WATCH: Pat Sajak Hilariously ‘Loses It’ at Wheel of Fortune Contestant After Winner’s Comment

by Joe Rutland

Pat Sajak has seen his fair share of interesting, wild, and weird answers from contestants on “Wheel of Fortune” over the years. One contestant’s puzzle guess, though, threw him into a tizzy.

Thanks to Entertainment Weekly and a savvy Twitter follower, you get a chance to see the entire breakdown for Sajak.

According to Entertainment Weekly, the longtime “Wheel of Fortune” host jokingly — but with surprising intensity — scolded a contestant for protesting the answer to a crossword puzzle during the game. The contestant, Darin McBain, had to guess four expressions that begin with the word “kitchen,” correctly answering, “Cabinet, towels, oven, sink.”
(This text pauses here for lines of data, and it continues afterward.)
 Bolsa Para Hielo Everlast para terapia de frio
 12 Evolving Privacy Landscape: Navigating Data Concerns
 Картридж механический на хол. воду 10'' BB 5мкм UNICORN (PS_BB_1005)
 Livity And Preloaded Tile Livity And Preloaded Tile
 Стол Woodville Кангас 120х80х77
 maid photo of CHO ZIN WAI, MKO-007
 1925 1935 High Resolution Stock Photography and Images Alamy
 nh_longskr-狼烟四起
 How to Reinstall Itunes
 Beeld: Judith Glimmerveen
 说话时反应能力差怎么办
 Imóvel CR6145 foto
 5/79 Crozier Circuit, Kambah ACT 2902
“Kitchen oven? What was that?” McBain said after solving the puzzle. “Who calls it a ‘kitchen oven’?”

Also, Sajak didn’t seem to appreciate this, responding with faux exasperation, “You won! Don’t argue, Darin! You got the puzzle! Ungrateful players, I’ve had it!” before quickly adding, “No, I’m just teasing.” He continued, laughing, “I finally snapped.”

Later on in the episode, Sajak apologized for the outburst, telling McBain, whose mother was a three-day champion on Wheel in 1982, “I’m sorry I yelled at you, Darin. I just don’t remember your mother giving us trouble like you did.”

Pat Sajak Shares Assessment On Projected Election Results

Additionally, Sajak has expressed his own opinion about presidential election results and how votes are counted.

Sajak considers himself both a conservative and Republican, according to Vice. He’s donated to affiliated causes in the past.

But the game show host doesn’t appear to be a supporter of Donald Trump as president. According to Pop Culture, Sajak also purchased a pen used in Trump’s impeachment.

Sajak, who was born in Chicago, began his career as an English-language announcer for a Spanish-language radio station in Chicago. He served in the U.S. Army in Vietnam as a DJ for Armed Forces Radio from 1968 to 1972.

He worked as a DJ in Kentucky, then as a weatherman in Nashville and Los Angeles before being picked by Merv Griffin to host Wheel of Fortune.